== RECORDS TO USE ==

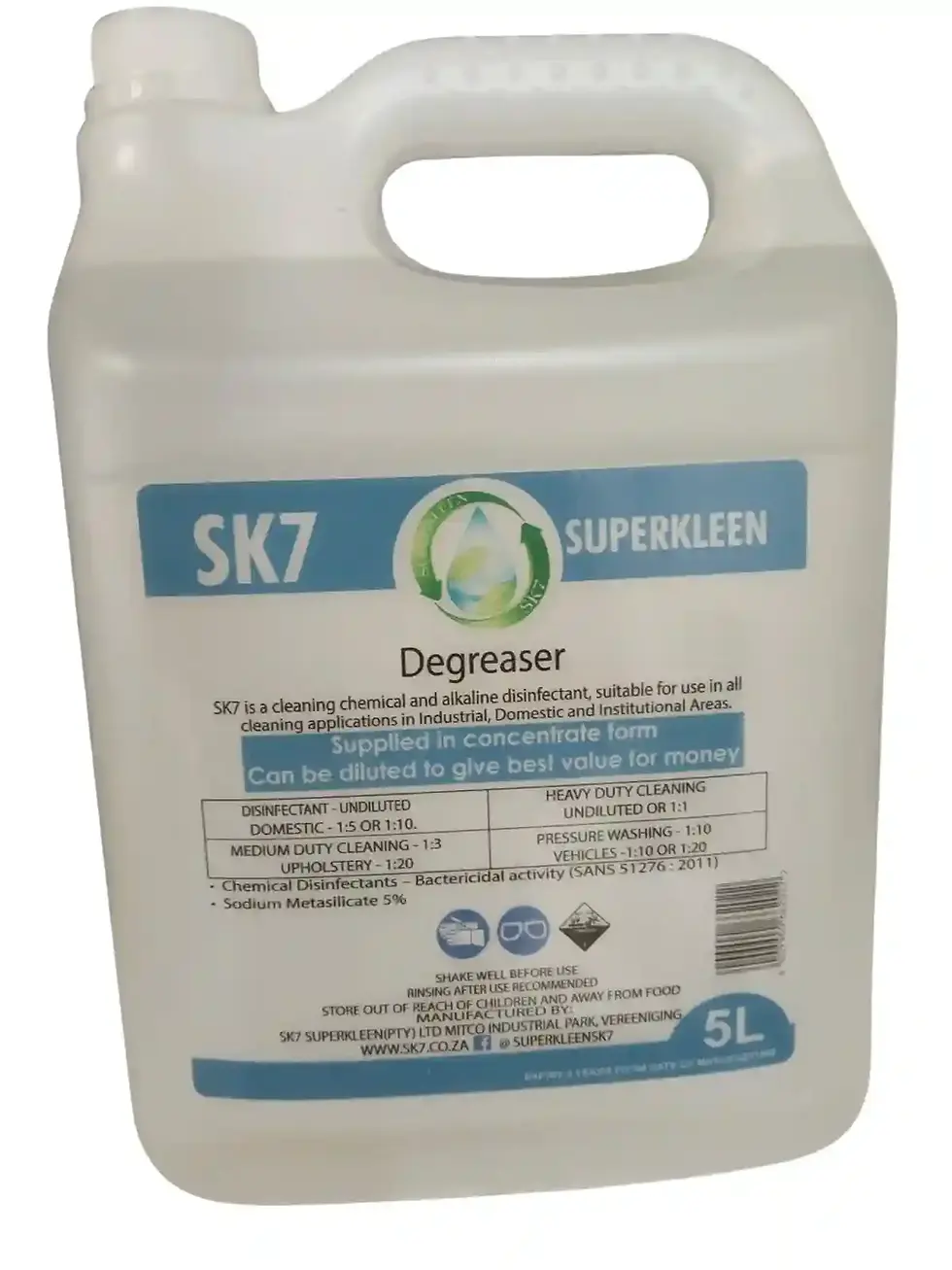 Thumbnail: SK-7 heavy-duty degreaser next to broom and rags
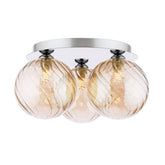 Foley 3 Light Flush Polished Chrome With Twisted Amber Glass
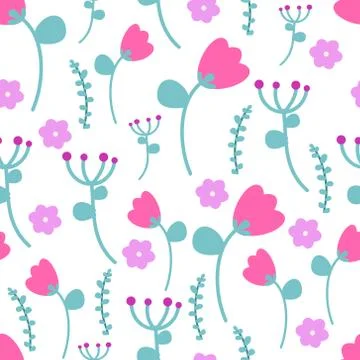 Flower seamless pattern background. Vector illustration. Illustrazione stock
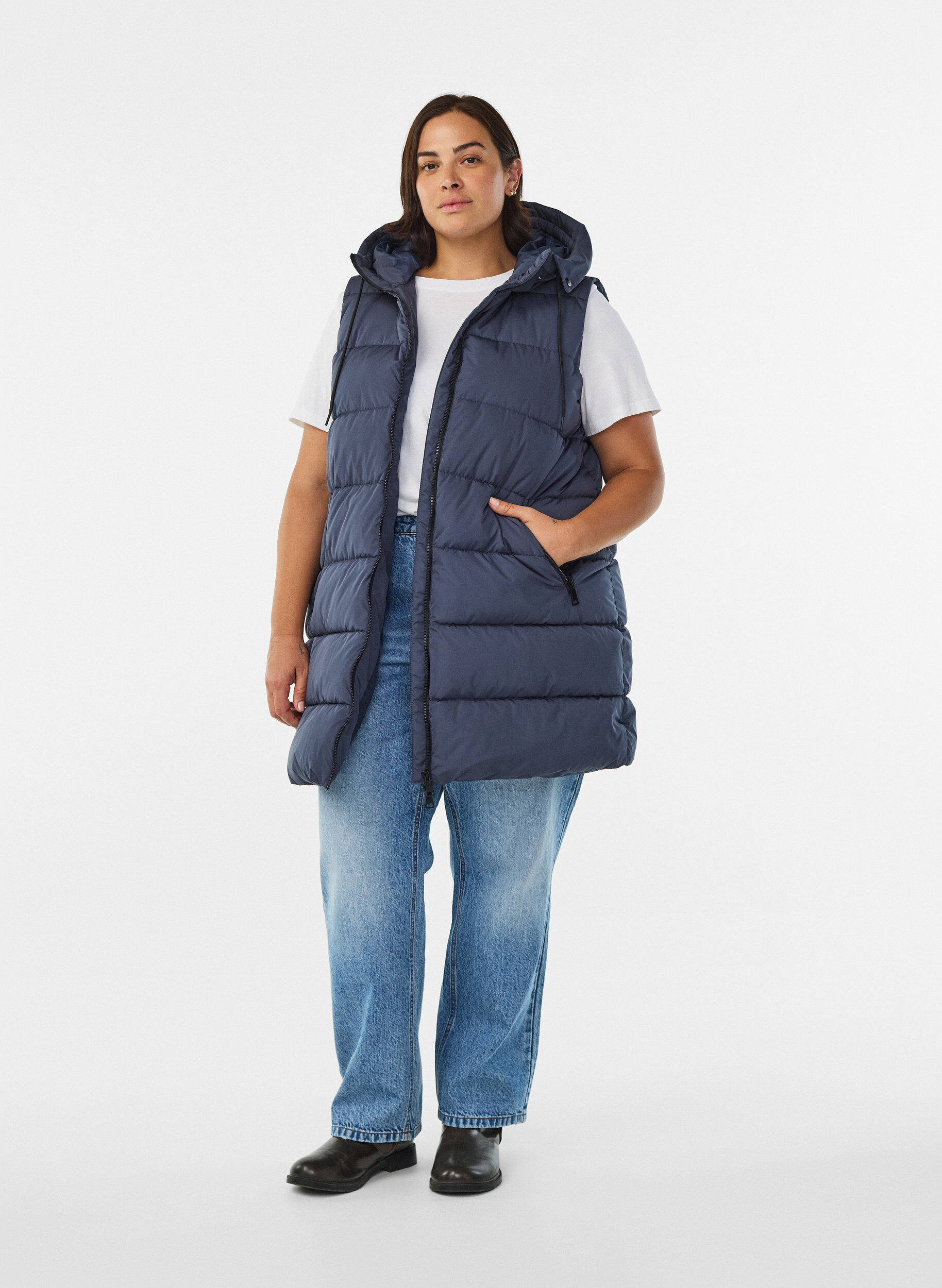 ZizzifashionLong vest with hood and pockets, Blue, Model image number 1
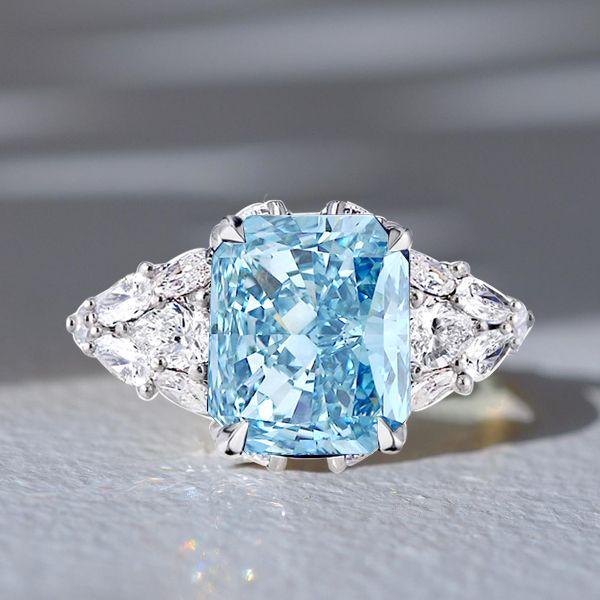 Aquamarine Ring - 925 Sterling Silver 3 Stone Radiant Cut Engagement Ring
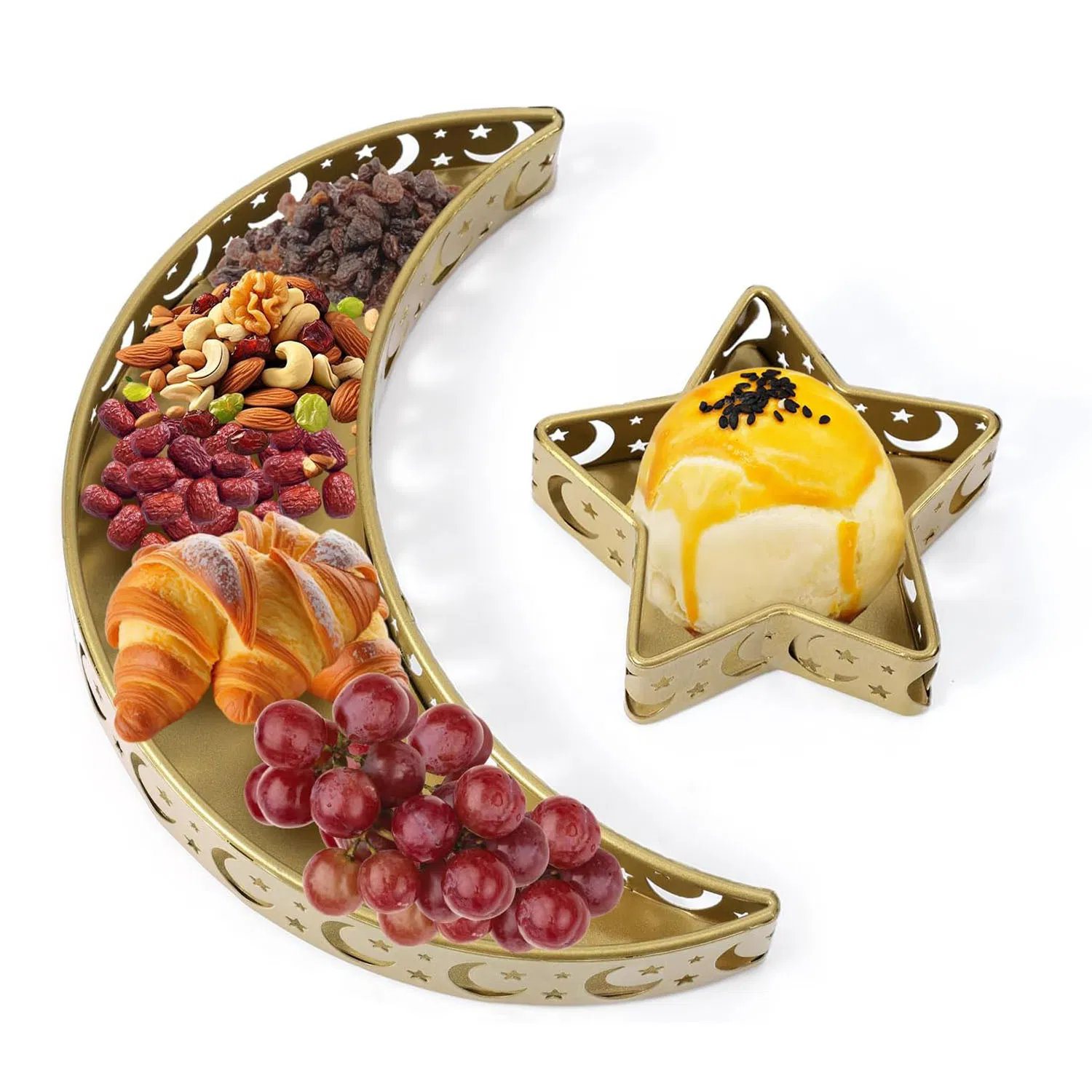 Iron Eid Mubarak Food Board Moon and Star Ramadan Serving Tray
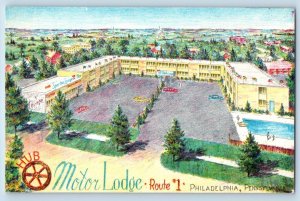 Philadelphia Pennsylvania PA Postcard Hub Motor Lodge Motel Building Exterior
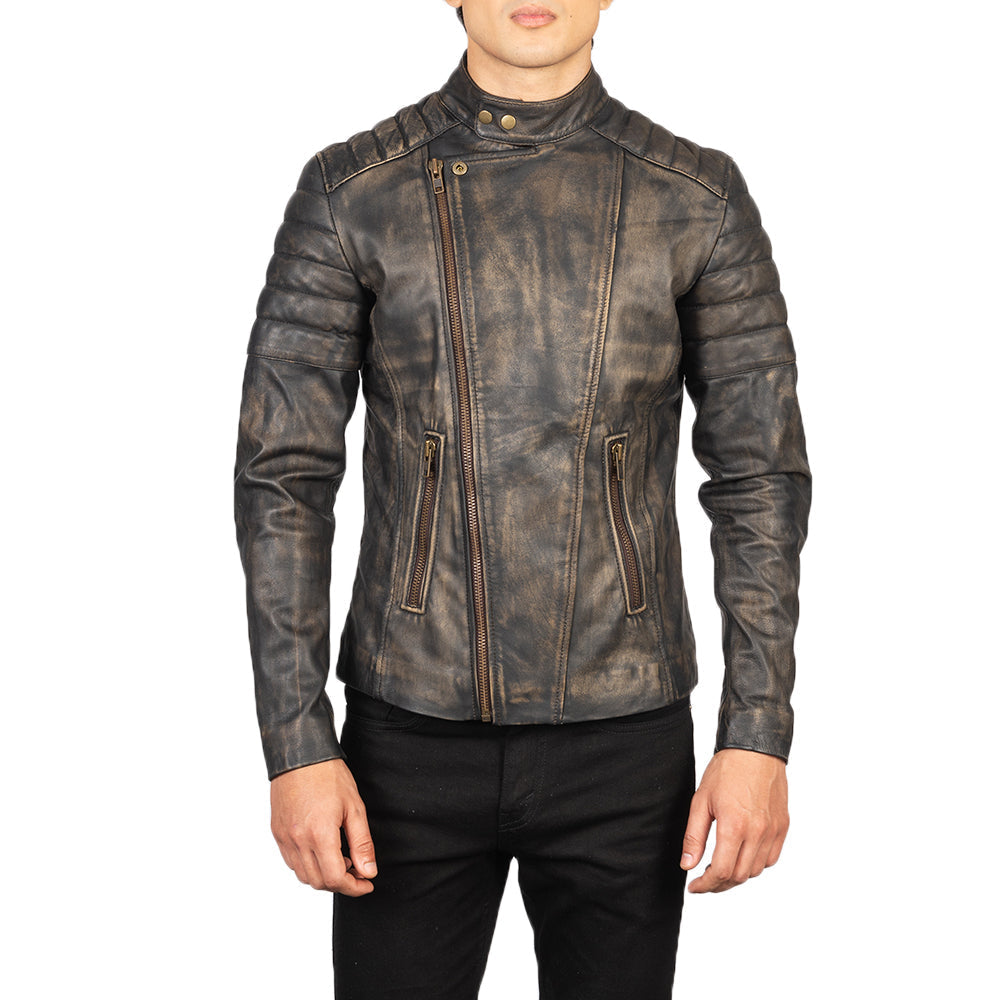 Faisor Mocha Bikerjakke i Skinn for Herre – alternate product view 4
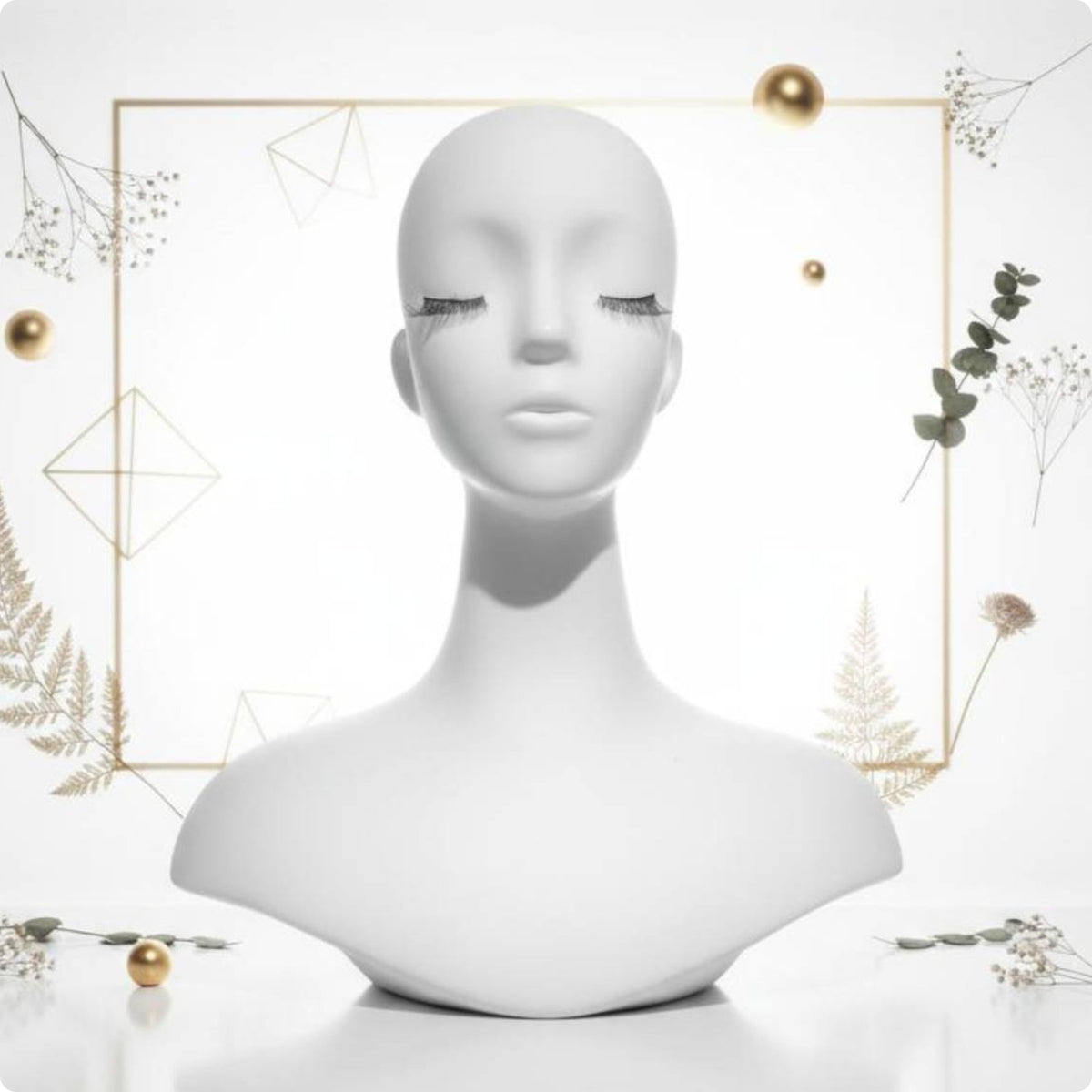 Mannequin Head with Shoulders Luxury Look Display Head with Shoulders Smooth Finish Jewelry Display Bust for Shop Window, Photo Photography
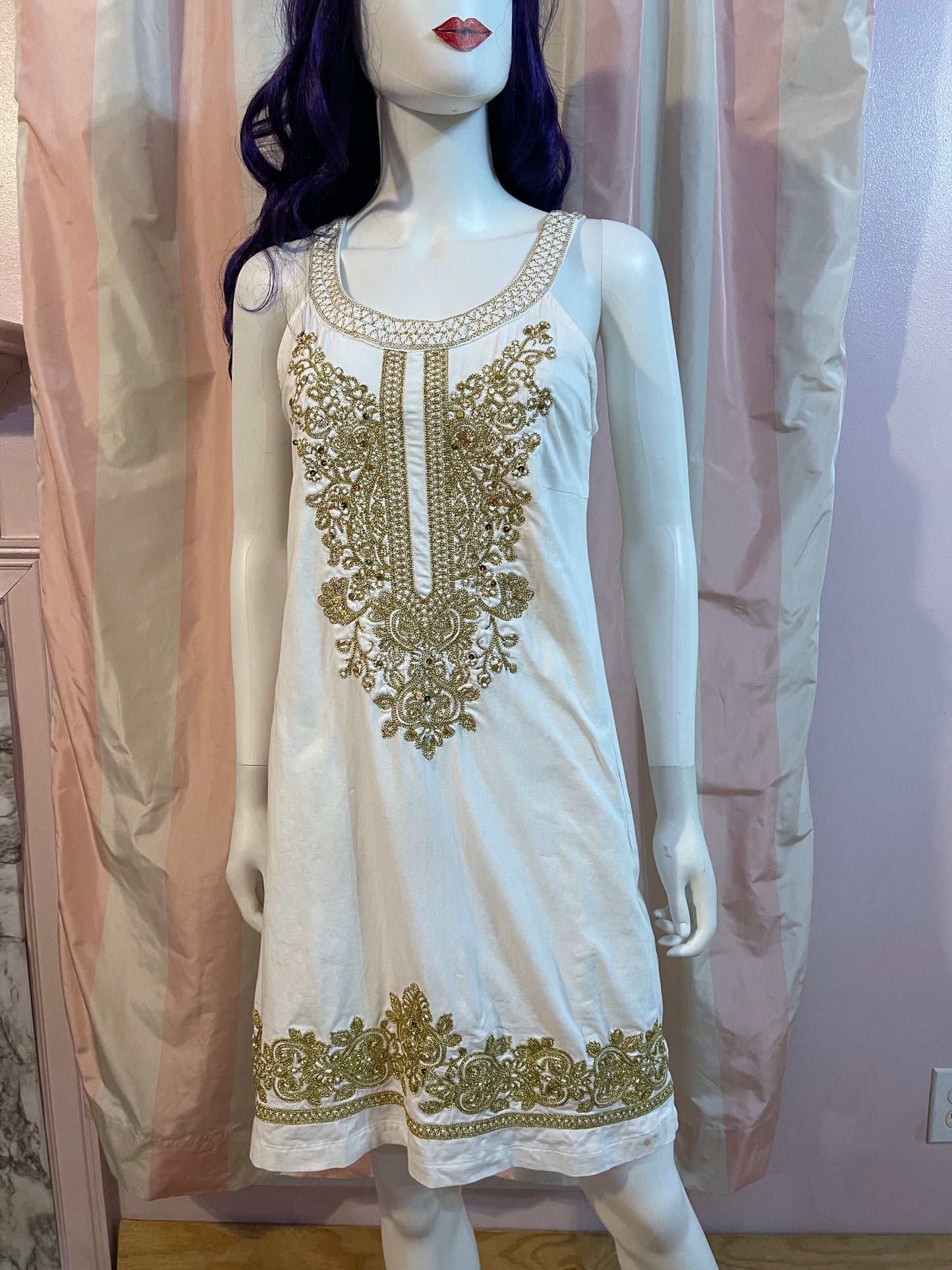 White Gold Embroidered Cotton Sheath Dress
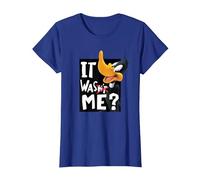 Looney Tunes Daffy Duck It Was Me Camiseta, Mujer, Azul Real, S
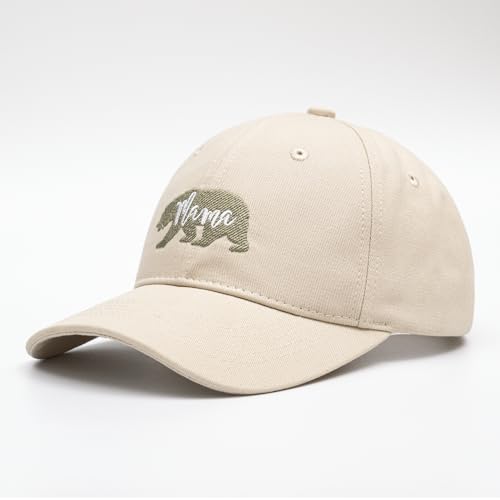 KOLWOVEN Mama Bear Embroidered Baseball Cap, Stylish Distressed Hat for Women, Perfect Mother's Day or Birthday Gift for Mom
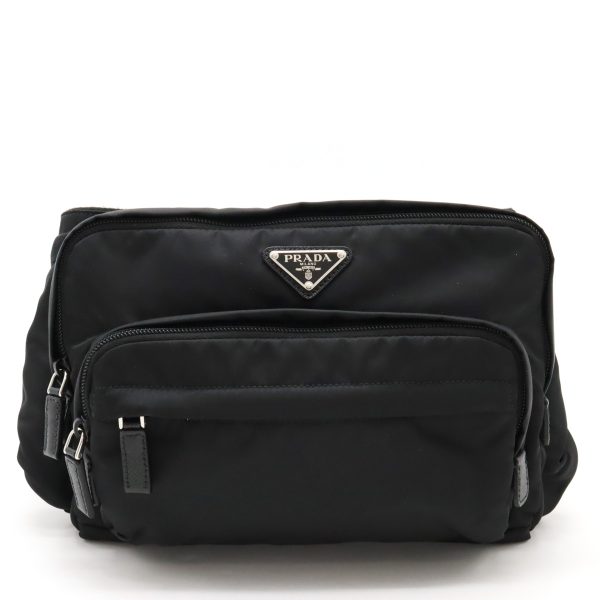 12420596 1 Prada Waist Bag Pouch Body Bag Nylon Black Silver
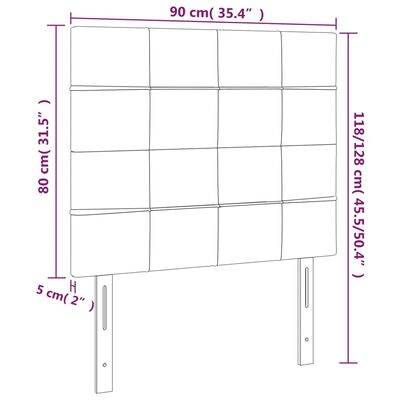 vidaXL LED Kopfteil Hellgrau 90x5x118/128 cm Samt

===

- [DIRECTIONS] Starting at the first line of the data, set down each line exactly until you have copied the line with "White Gold Embroidered Cotton Sheath Dress", but leave the pictures out.

- [RESULT]
 Thumbnail: SK-7 heavy-duty degreaser next to broom and rags
 Foley 3 Light Flush Polished Chrome With Twisted Amber Glass
 Flower seamless pattern background. Vector illustration. Illustrazione stock
 ZizzifashionLong vest with hood and pockets, Blue, Model image number 1
 Aquamarine Ring - 925 Sterling Silver 3 Stone Radiant Cut Engagement Ring
 Iron Eid Mubarak Food Board Moon and Star Ramadan Serving Tray
 Philadelphia Pennsylvania PA Postcard Hub Motor Lodge Motel Building Exterior
 Faisor Mocha Bikerjakke i Skinn for Herre – alternate product view 4
 Mannequin Head with Shoulders Luxury Look Display Head with Shoulders Smooth Finish Jewelry Display Bust for Shop Window, Photo Photography
 White Gold Embroidered Cotton Sheath Dress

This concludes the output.